Suspect in a ‘jammed’ PIPJ, when the joint is swollen, and tender over its dorsum. Specific tests; inability to actively extend the last 10-15 degrees at the PIPJ and the Elson test (flex the PIPJ to a right angle, ‘over the edge of a table’ ask the patient to extend the PIPJ, a central slip rupture will display no movement of the middle phalanx and the distal phalanx will tend to extend). Lack of full extension, although full passive extension of the PIPJ by tenodesis when the wrist and metacarpophalangeal joints are fully passively flexed, indicates rupture. Later signs are fixed flexion of the PIPJ with decreased passive DIPJ flexion with PIPJ fully extended.
Splinting is the most effective treatment. First correct PIPJ flexion and then DIP flexion (may take a minimum of eight weeks or longer to achieve the desired results).
Ruptures of the extensor mechanism at the level of the MPJ may occur (a ruptured sagittal band, on the radial side of the long finger). There is localized pain, swelling and an inability to actively extend the MPJ. Note the patient can maintain full extension of the joint if it is passively extended.
Triggering (extensor tendon subluxing between the metacarpal heads) of the finger at MPJ rather than PIPJ level may later present. If seen early these injuries respond to splinting the MPJ in extension for three weeks. Other joints are left free. If seen late the tear is best repaired.
Rarely may see at MPJ level a longitudinal split in the extensor tendon and rupture of the dorsal MPJ capsule (result of a direct blow, as in boxing martial arts). Surgical repair is indicated.

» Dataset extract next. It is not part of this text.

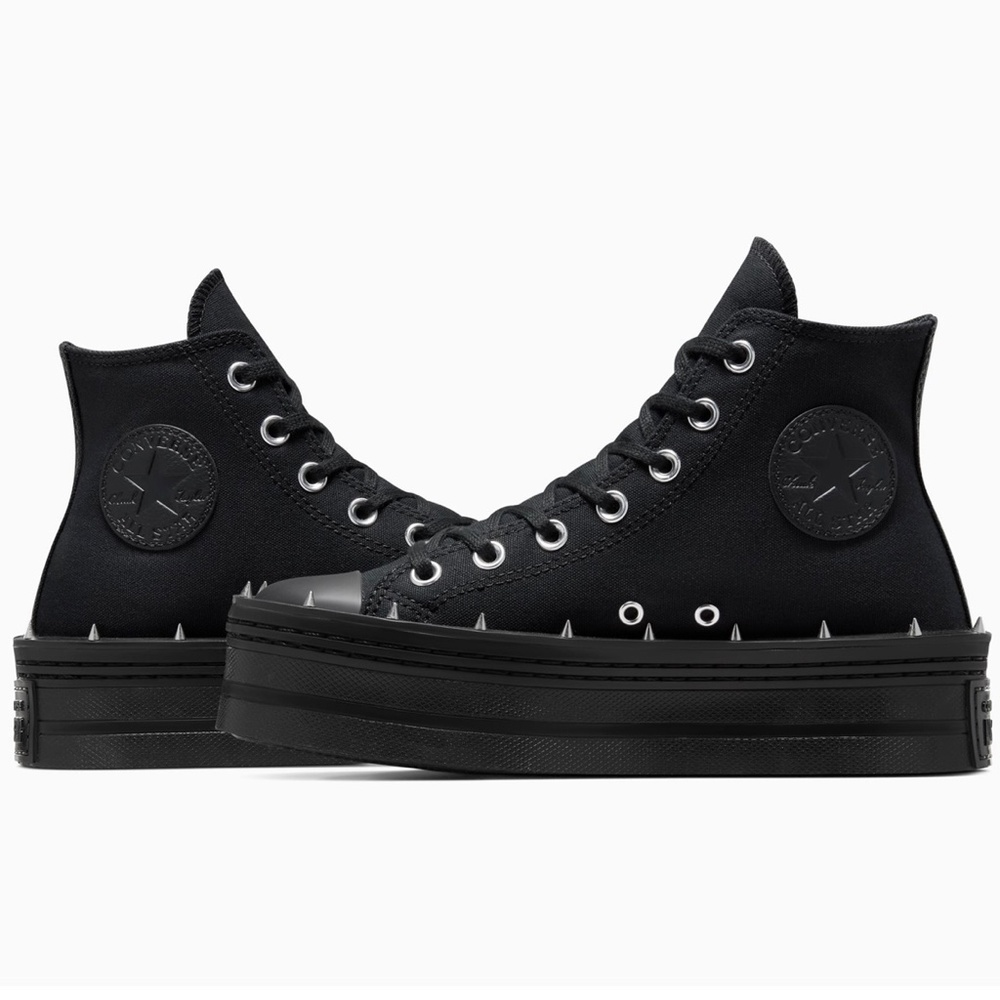 Converse Chuck Taylor All Star Modern Lift Platform Studded Black size 8.5 NEW - Picture 4 of 12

Flexor tendon avulsion (‘Jersey’ finger)
Flexor tendon avulsion is not common and not well recognized (from an attempt to grab the jersey or equipment of an opposing player (‘jersey’ finger). Not able to flex DIPJ bruising is present and a tender lump in the palm. The ring finger commonly affected. Players of ‘Oztag’, a variation of touch football in which a ‘tackle’ is effected by ripping a velcro fastened tag from the shorts of an opponent, incur this injury.
Early repair is best. Later repair is difficult because of swelling and collapse of the flexor sheath; If there is no pain and little functional deficit leave; Hyperextension of the DIPJ with or without ‘weakness’ in the finger may be treated by DIPJ fusion; Two stage tendon reconstruction is difficult.